6 juin [1836], lundi matin, 11 h. ½

Bonjour cher adoré, bonjour ma joie. Ça me semble tout drôle et très mauvais de ne pas vous avoir là à mes côtés pour me faire ENRAGER et pour recevoir vos caresses.
J’ai été très incommodée de mon pipi toute la matinée depuis l’heure où tu as coutume de venir. Je souffre beaucoup de mes reins. Je vais me remettre aujourd’hui à la tisanea de chiendent pour n’être pas tourmentée par cette ridicule indisposition dans notre voyage.
Je vais écrire à Mme Lanvin. Je n’attendrai pas ton retour pour envoyer à la poste afin qu’elle reçoive à temps ma lettre.
Je souffre beaucoup, je ne sais pas ce que cela veut dire mais vraiment je souffre beaucoup ce matin. Heureusement que le premier jour de ROUTE fera disparaître tous les bobos physiquesb et moraux.
Je t’aime tant, mon Victor, je t’aime.
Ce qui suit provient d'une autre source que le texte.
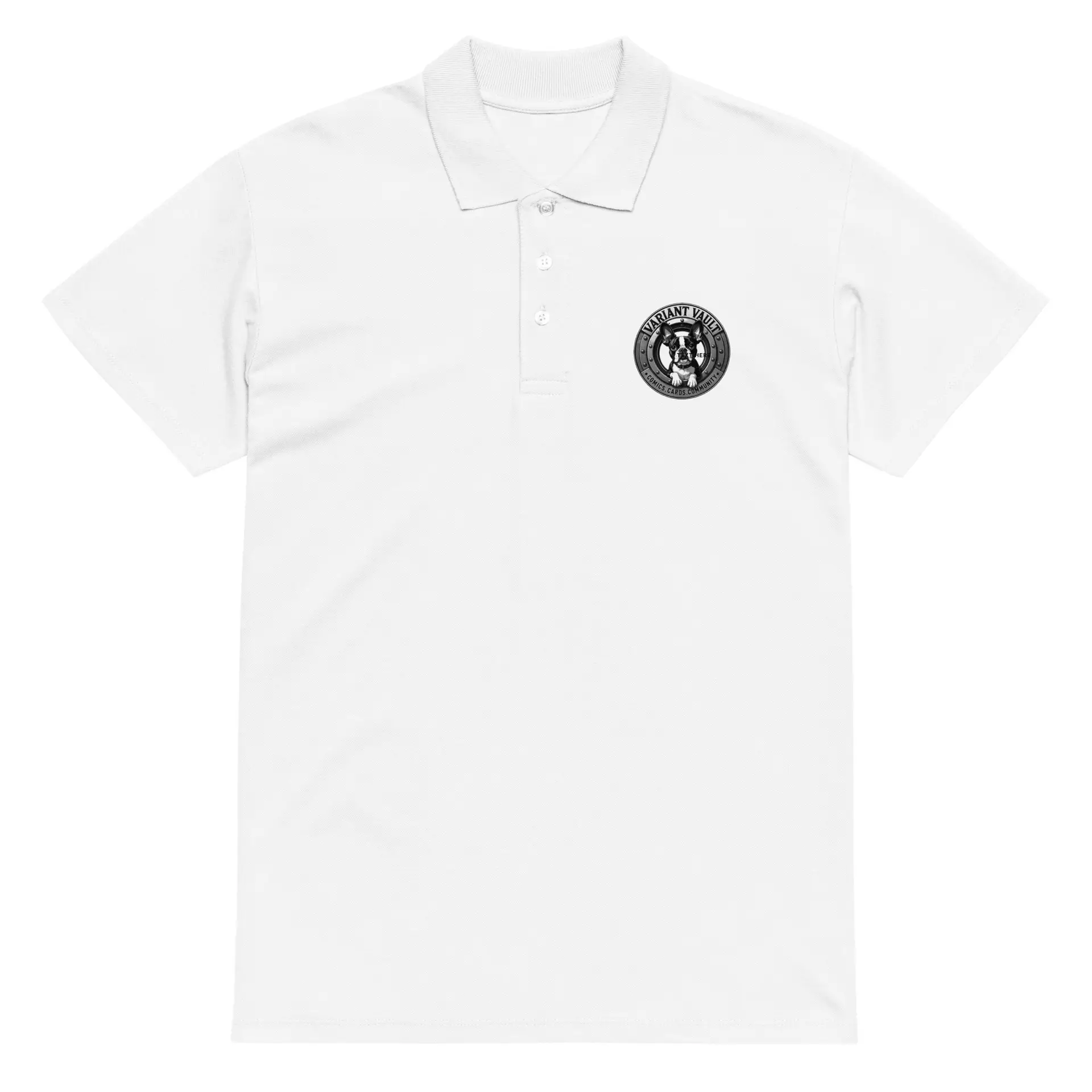 Premium pique polo shirt - Image 7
Quel bonheur nous allons avoir ; pour moi je ne me possède pas de joie en pensant que je vais te posséder tout un grand MOIS à moi toute SEULE.
Le bonheur est toujours GRAND en perspective mais il est toujours trop petit quand on revient.
Eh ! mais c’est égal, ayons-le d’abord, jouissons-en bien et puis que le plafond croule s’il veut [1].
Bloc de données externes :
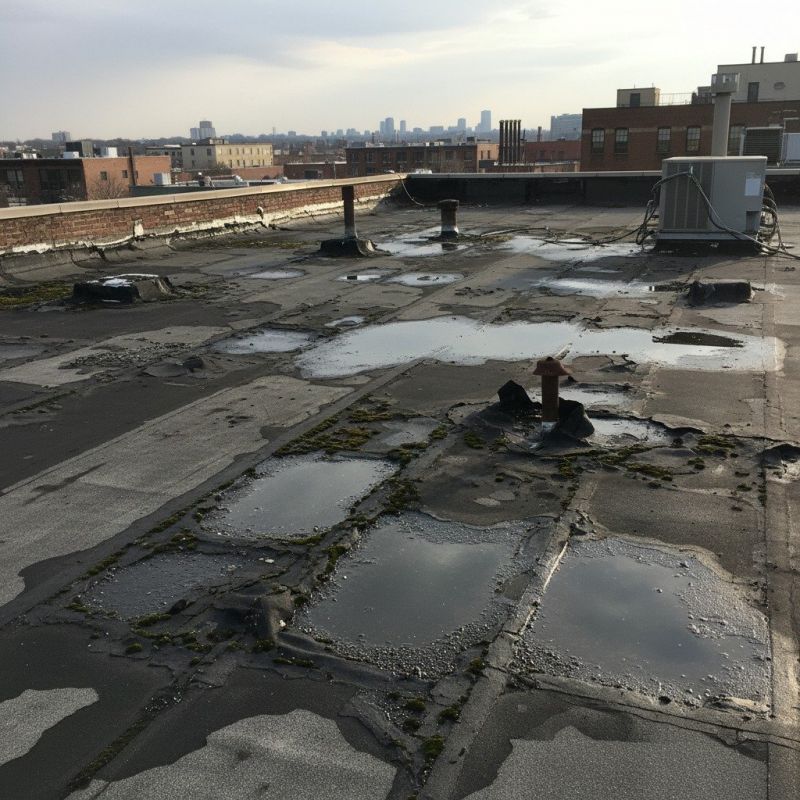 Tar Roof Replacement in Kane County, IL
BnF, Mss, NAF 16327, f. 130-131
Transcription d’Isabelle Korda assistée de Florence Naugrette

a) « tisanne ».
b) « phisiques ».


6 juin [1836], lundi soir, 7 h.

Voici l’heure fatale et tu ne viens pas, cette journée qui avait été si bien commencée ne s’achèvera pas de même. J’ai tort de me plaindre mais je ne peux pas m’en empêcher. Plus je te vois, plus je te trouve adorable, plus tu es là et plus je t’aime et plus je veux t’aimer. C’est un cercle vicieux, sans doute, mais enfin ce n’est pas ma faute. Nous aurions été si bien à couvert sous les beaux Marronniers de Bercy [2]. J’aurais eu bien faim, au lieu qu’ici, seule, je ne me sens pas envie de manger du tout. Quand donc serons-nous nos MAÎTRES, quand donc montrerai-je mon passeport aux AUTORITÉS ? Les pieds me brûlent et le cœur encore plus. Je voudrais partir, je voudrais être partie… Dépêche-toi hein ! Tu n’es pas aussi impatient que moi, toi, tu ne m’aimes pas autant que je t’aime, c’est bien vrai. D’ailleurs, je ne t’en veux pas, je sens bien qu’il est impossible à un autre qu’à moi d’aimer comme je t’aime.

Juliette

BnF, Mss, NAF 16327, f. 132-133
Transcription d’Isabelle Korda assistée de Florence Naugrette

Notes

[1Réplique de Catarina à Rodolfo, dans Angelo tyran de Padoue (1835), Deuxième Journée, scène 4.

[2Les Marronniers est un restaurant huppé de Bercy.